**Description of the task:**
From the material below, set down exactly the lines that run from the one containing "view of front" to the one containing "Twee mensen poseren", minus the pictures.

**Study material:**
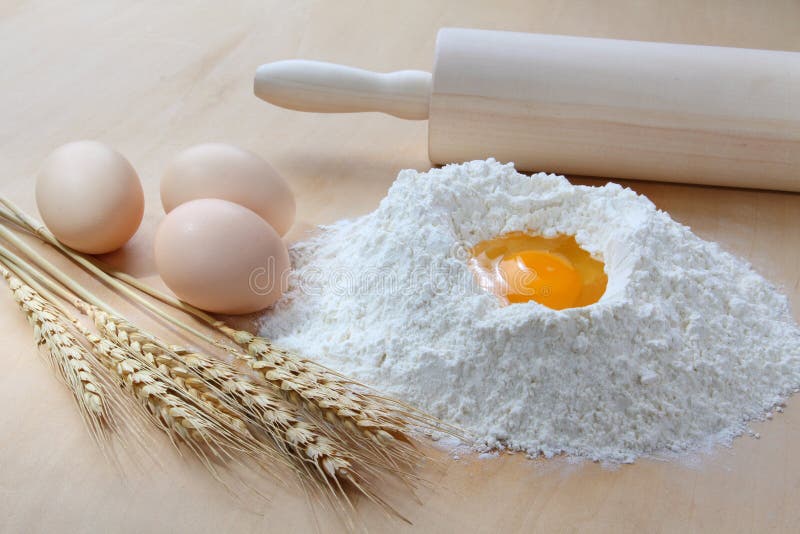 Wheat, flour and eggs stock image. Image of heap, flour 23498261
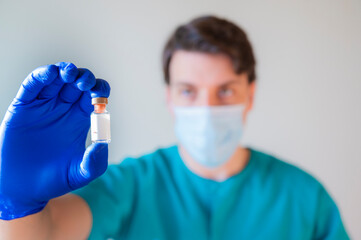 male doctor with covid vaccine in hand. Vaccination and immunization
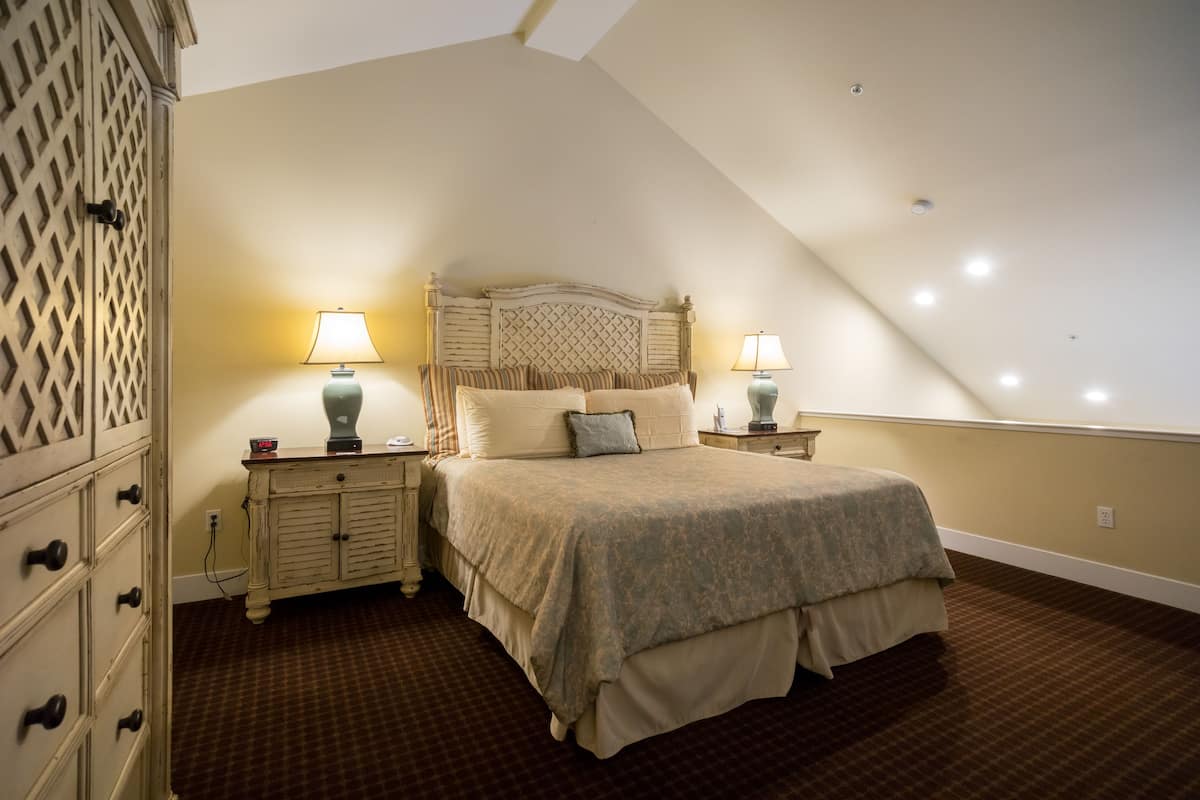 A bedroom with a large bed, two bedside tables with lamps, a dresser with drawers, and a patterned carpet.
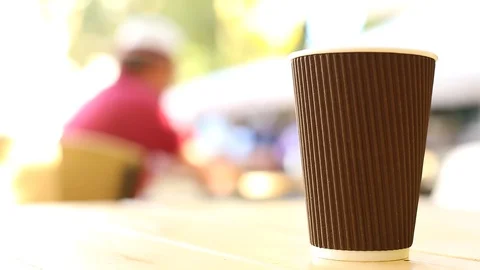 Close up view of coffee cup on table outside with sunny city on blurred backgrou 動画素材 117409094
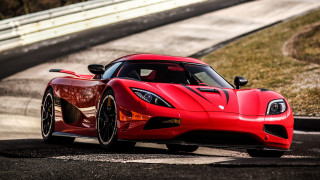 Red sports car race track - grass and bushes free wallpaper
--
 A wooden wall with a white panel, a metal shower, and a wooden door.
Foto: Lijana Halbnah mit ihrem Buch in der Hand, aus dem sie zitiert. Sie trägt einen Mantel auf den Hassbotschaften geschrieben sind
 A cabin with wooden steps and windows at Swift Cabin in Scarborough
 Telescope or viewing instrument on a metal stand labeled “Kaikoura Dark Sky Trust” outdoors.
---
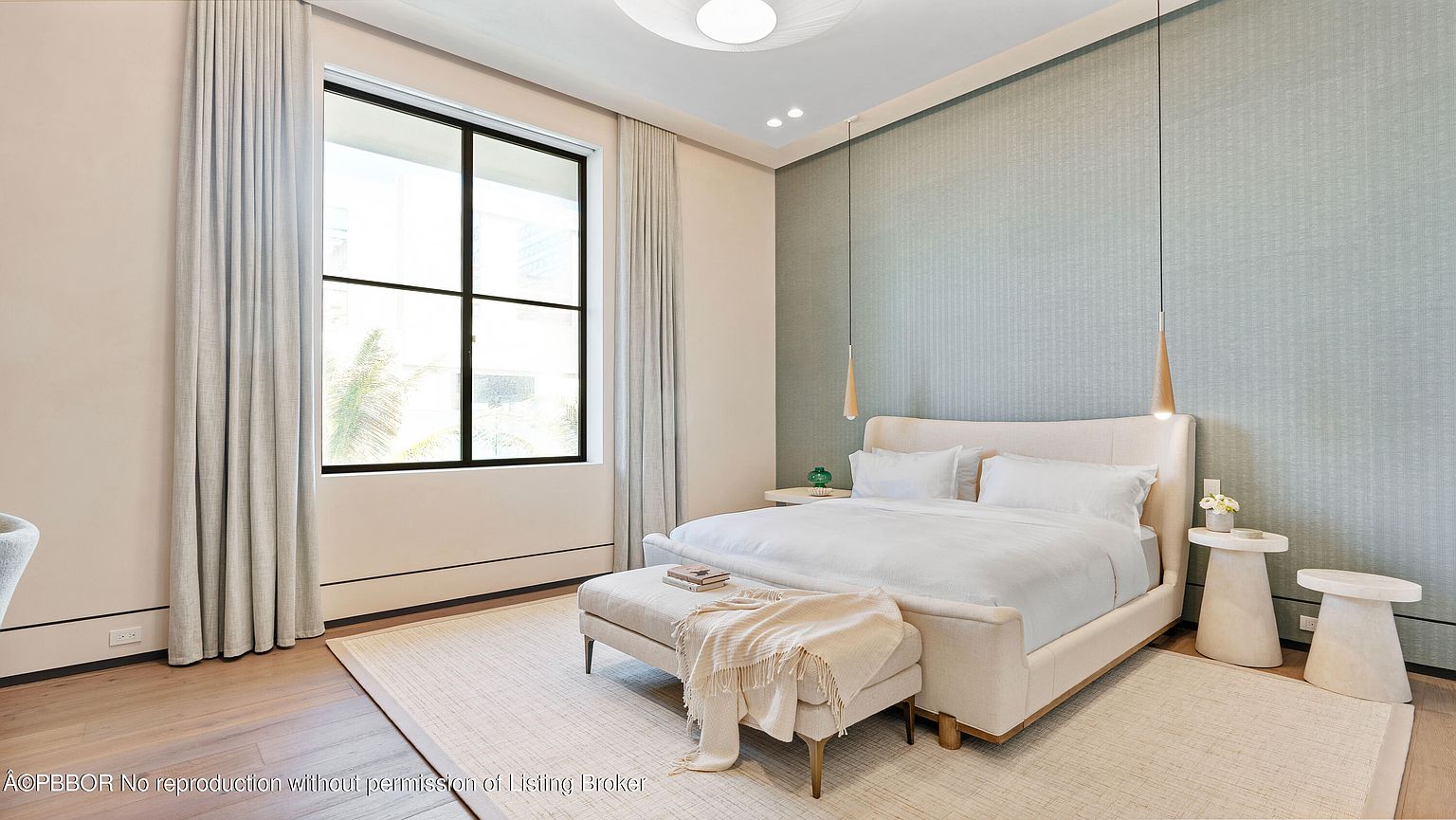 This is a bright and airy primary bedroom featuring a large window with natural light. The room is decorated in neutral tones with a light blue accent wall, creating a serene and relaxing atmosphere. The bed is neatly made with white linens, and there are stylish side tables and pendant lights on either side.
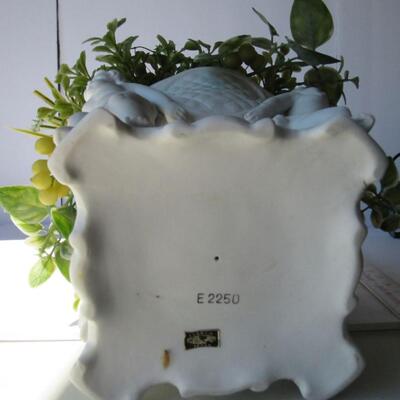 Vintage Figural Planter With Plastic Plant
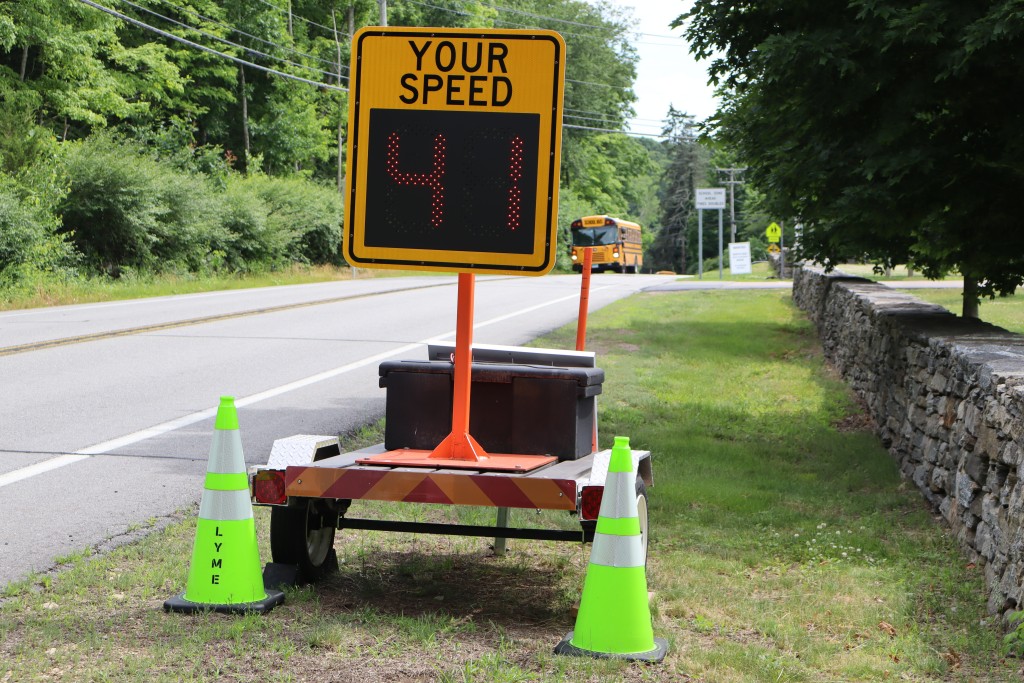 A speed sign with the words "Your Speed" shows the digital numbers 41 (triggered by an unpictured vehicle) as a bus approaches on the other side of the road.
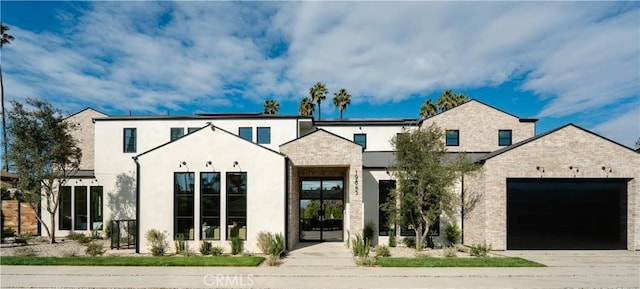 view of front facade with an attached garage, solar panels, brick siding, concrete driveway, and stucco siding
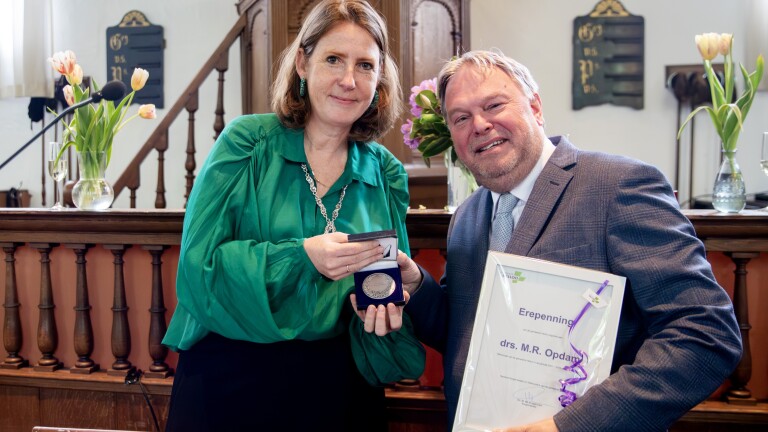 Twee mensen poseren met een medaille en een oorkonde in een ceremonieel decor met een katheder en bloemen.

**Answer box:**
 view of front facade with an attached garage, solar panels, brick siding, concrete driveway, and stucco siding
 Twee mensen poseren met een medaille en een oorkonde in een ceremonieel decor met een katheder en bloemen.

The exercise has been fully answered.